ENTRÉE N° 5 DU JOURNAL
Le 8 février 2025
Toronto, Ontario
Me voici de retour au Canada, motivée à parler des effets profonds de l’UNICEF et de ses partenaires sur la vie des enfants et des familles au Liban.
Il y a tant à méditer.
Cependant, ce que j’ai le plus fortement ressenti lorsque j’étais assise à l’aéroport de Beyrouth pour rentrer chez moi était la gratitude.
Je suis reconnaissante d’avoir eu la possibilité de suivre les traces de mes parents, de faire ma part et d’engendrer des retombées positives.
Je suis reconnaissante de la générosité et de la gentillesse de toutes les personnes que j’ai rencontrées, en particulier Hiba et l’équipe de l’équité et de l’inclusion d’UNICEF Liban pour avoir organisé ma mission, et Jeff de l’équipe d’UNICEF Canada qui est resté en contact avec moi et m’a aidée avec mes publications sur les réseaux sociaux.
Je suis reconnaissante envers l’équipe de protection et les chauffeurs qui ont assuré ma sécurité sur les routes.
Je suis reconnaissante envers les enseignantes et enseignants qui m’ont accueillie à bras ouverts, envers les enfants qui m’ont permis de me joindre à eux dans leur classe et d’être témoin de tout le plaisir qu’ils ont à l’école.
Je suis reconnaissante d’avoir eu l’occasion de regarder ces enfants dans les yeux et de leur dire « vous comptez », et qu’il y a beaucoup de gens ici au Canada qui pensent à eux et veulent les aider.
Et je suis reconnaissante que, même dans un monde plus divisé que jamais, l’UNICEF et ses partenaires placent les droits des enfants au premier plan, peu importe qui ils sont ou où ils vivent.
De nombreux Canadiens et Canadiennes veulent voir comment leurs dons transforment des vies.

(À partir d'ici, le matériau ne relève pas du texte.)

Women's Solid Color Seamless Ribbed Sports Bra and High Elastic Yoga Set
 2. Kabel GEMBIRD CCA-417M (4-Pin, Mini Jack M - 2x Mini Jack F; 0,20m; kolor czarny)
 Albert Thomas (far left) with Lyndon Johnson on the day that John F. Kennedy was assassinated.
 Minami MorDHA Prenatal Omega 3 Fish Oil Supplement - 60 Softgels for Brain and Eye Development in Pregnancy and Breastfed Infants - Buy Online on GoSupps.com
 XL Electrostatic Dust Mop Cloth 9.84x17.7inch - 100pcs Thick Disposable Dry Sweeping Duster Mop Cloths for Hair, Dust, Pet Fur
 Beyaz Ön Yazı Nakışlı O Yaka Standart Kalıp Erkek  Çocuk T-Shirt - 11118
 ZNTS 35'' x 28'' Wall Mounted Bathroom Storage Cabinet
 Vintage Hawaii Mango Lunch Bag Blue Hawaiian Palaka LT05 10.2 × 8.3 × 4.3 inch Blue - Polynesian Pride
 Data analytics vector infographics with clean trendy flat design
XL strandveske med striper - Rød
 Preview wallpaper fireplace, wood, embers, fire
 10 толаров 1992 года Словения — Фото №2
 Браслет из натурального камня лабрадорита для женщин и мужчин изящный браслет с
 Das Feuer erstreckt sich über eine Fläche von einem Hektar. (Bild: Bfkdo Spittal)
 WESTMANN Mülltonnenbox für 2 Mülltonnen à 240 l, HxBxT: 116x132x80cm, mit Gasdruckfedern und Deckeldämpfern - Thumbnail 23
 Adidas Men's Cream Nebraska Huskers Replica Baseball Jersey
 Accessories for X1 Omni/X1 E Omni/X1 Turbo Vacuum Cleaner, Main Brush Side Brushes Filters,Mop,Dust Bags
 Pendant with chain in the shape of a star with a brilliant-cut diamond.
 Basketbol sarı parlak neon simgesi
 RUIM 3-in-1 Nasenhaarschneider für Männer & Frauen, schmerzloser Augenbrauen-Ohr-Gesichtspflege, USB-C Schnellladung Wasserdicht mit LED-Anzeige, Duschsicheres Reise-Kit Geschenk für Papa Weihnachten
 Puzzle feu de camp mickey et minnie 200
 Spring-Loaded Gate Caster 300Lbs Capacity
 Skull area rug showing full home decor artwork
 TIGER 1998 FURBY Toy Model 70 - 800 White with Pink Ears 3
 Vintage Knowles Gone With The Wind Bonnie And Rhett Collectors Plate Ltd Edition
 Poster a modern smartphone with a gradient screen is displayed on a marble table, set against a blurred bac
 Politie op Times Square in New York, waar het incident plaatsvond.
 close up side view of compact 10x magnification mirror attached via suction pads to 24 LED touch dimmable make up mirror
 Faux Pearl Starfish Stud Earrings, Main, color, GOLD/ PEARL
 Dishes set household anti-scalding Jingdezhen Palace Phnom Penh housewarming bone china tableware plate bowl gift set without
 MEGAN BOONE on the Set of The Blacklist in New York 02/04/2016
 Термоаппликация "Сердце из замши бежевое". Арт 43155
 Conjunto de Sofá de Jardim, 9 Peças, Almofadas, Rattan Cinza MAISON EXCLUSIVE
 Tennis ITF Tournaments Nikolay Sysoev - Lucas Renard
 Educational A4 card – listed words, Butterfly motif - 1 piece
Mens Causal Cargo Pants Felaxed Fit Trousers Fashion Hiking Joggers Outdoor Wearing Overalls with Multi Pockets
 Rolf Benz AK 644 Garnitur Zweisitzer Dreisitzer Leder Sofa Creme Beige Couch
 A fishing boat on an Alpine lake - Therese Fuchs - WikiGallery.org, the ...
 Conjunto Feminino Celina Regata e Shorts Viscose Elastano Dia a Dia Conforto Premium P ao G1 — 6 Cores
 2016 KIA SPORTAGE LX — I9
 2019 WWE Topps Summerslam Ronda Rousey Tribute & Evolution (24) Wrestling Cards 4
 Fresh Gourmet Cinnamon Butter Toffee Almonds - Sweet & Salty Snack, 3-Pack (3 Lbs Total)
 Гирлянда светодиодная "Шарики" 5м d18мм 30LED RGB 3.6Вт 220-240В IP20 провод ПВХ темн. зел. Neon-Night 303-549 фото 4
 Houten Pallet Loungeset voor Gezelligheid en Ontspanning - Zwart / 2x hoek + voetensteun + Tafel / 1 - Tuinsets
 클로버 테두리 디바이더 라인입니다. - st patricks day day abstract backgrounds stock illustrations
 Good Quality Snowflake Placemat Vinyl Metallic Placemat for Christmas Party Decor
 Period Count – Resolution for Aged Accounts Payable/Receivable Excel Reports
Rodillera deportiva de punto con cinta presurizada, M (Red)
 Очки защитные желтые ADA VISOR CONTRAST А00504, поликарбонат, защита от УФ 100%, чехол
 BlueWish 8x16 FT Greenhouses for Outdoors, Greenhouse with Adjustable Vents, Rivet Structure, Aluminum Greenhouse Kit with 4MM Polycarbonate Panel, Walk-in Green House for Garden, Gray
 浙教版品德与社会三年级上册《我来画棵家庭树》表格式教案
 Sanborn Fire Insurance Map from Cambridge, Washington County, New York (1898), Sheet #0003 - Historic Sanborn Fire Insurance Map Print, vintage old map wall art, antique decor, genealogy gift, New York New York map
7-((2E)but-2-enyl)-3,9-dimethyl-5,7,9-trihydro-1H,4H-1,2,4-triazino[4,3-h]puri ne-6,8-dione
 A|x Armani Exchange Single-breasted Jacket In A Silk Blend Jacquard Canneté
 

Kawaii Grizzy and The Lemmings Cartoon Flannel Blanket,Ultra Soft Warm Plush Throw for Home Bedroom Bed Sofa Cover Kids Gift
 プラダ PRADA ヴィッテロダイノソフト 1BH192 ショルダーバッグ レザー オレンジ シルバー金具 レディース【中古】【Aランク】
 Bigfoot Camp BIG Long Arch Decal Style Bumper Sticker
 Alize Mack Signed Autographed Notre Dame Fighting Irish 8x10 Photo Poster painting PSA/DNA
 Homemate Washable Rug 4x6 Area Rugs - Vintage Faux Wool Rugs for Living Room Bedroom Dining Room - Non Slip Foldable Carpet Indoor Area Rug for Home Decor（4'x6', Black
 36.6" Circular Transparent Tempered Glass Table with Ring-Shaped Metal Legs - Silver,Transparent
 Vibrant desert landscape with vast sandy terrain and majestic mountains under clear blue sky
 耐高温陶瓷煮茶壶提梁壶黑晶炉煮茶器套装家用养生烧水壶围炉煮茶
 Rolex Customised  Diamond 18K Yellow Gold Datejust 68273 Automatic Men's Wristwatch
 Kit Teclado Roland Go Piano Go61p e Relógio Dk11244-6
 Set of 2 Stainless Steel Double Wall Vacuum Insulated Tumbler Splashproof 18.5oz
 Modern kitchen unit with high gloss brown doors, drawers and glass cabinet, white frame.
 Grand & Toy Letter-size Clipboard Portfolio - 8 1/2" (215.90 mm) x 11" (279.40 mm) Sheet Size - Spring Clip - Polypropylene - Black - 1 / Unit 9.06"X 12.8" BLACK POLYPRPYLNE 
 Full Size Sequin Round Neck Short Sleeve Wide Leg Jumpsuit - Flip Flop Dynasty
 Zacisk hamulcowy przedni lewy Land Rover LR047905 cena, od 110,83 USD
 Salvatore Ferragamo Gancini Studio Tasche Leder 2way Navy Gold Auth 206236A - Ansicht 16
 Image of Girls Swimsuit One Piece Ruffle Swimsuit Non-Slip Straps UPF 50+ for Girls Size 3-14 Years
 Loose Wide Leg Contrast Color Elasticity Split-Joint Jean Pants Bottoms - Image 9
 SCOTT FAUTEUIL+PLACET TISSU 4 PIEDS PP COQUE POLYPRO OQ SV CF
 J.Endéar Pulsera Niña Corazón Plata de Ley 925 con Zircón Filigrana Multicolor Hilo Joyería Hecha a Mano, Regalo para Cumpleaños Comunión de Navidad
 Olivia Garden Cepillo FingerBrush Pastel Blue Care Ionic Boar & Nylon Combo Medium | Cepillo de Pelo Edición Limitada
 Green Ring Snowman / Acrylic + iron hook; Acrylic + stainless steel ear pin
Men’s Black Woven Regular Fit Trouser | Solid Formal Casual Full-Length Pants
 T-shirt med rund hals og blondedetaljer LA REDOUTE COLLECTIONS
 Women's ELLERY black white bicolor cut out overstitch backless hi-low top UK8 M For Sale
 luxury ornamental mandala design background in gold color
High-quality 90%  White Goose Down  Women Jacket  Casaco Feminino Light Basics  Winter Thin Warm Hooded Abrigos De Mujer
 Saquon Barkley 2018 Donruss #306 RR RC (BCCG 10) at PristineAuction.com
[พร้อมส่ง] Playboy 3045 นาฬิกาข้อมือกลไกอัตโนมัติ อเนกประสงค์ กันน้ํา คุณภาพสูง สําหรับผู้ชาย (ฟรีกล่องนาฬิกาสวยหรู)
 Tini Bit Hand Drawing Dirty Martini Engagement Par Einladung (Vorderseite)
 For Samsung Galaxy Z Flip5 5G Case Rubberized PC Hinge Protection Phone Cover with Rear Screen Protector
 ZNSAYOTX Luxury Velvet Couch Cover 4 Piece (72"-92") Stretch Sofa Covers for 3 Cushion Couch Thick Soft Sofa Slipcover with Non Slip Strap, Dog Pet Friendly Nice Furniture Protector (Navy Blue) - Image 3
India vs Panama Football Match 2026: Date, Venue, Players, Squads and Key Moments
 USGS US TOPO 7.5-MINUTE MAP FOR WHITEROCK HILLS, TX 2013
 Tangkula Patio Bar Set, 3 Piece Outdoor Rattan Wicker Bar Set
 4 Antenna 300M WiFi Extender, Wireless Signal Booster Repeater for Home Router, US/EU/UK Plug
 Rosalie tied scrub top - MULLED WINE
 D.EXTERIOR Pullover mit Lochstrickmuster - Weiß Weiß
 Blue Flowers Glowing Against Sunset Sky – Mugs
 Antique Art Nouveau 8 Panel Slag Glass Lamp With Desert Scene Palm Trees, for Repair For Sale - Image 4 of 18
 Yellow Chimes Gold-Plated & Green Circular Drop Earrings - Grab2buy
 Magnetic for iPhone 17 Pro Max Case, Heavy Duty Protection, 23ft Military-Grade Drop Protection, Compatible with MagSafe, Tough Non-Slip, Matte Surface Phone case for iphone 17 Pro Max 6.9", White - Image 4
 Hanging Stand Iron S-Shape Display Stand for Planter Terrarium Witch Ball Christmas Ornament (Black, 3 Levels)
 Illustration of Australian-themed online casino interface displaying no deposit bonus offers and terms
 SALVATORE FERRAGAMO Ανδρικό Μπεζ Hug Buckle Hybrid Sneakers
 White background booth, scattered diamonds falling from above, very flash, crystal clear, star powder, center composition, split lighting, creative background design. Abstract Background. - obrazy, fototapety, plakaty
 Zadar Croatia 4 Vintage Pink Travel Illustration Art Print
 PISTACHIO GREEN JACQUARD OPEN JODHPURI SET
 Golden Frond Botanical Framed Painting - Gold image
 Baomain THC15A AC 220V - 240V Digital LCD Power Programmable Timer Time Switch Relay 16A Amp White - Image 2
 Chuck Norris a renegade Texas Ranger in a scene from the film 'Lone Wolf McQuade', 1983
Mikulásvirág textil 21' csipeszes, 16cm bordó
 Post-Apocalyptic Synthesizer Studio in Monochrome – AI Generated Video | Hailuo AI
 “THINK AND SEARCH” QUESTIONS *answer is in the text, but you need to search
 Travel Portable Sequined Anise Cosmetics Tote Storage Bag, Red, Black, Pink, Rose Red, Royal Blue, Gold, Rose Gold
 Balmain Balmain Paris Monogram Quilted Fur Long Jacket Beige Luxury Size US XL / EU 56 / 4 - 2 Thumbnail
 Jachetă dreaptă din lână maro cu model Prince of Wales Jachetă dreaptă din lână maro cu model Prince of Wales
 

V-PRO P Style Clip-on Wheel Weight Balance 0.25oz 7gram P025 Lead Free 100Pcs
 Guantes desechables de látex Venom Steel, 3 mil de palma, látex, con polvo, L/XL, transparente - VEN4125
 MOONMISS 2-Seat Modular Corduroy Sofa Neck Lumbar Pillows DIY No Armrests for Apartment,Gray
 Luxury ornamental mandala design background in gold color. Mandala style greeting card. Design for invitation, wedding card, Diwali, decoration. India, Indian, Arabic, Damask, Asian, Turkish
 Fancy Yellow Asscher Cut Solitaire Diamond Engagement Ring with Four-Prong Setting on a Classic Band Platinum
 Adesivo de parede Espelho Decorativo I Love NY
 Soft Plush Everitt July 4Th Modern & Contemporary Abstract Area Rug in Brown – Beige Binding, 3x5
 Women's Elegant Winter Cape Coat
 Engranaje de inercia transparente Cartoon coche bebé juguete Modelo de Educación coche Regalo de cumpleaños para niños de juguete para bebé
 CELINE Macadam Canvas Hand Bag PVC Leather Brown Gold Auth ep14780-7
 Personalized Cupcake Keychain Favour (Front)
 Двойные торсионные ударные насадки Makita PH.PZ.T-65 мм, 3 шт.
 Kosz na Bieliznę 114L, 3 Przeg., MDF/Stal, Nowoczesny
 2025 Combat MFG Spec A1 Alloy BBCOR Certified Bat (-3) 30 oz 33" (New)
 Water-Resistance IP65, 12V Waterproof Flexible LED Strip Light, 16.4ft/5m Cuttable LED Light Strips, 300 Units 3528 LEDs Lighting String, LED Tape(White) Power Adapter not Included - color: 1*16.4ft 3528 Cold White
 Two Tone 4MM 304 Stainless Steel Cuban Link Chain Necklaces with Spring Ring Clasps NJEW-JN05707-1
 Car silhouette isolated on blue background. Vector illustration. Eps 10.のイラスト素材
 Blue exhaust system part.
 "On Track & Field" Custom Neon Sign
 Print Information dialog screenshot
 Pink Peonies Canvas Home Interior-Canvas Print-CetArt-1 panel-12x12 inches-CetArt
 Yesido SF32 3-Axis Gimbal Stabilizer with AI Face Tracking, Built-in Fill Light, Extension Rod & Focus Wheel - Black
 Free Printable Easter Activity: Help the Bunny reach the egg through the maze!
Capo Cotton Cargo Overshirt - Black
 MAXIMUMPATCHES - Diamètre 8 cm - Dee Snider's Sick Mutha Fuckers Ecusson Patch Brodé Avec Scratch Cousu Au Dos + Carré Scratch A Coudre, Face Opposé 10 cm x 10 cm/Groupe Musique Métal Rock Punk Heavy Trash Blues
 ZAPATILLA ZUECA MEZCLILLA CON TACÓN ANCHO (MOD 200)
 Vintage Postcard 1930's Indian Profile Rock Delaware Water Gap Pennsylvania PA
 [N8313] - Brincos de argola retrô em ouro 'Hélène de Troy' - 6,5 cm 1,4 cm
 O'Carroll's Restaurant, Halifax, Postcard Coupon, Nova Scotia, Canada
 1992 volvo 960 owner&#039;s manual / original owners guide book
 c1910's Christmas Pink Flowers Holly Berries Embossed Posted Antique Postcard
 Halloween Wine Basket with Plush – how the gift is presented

Ils doivent savoir que chaque don à l’UNICEF donne lieu à de nombreuses histoires heureuses. Ces histoires dépendent de la générosité constante des donatrices et donateurs qui permet d’étendre les programmes et de venir en aide à davantage d’enfants, notamment à ceux en situation de handicap.
Parce qu’aucun enfant ne choisit d’avoir un handicap et aucun enfant ne choisit de vivre dans la guerre ou la pauvreté.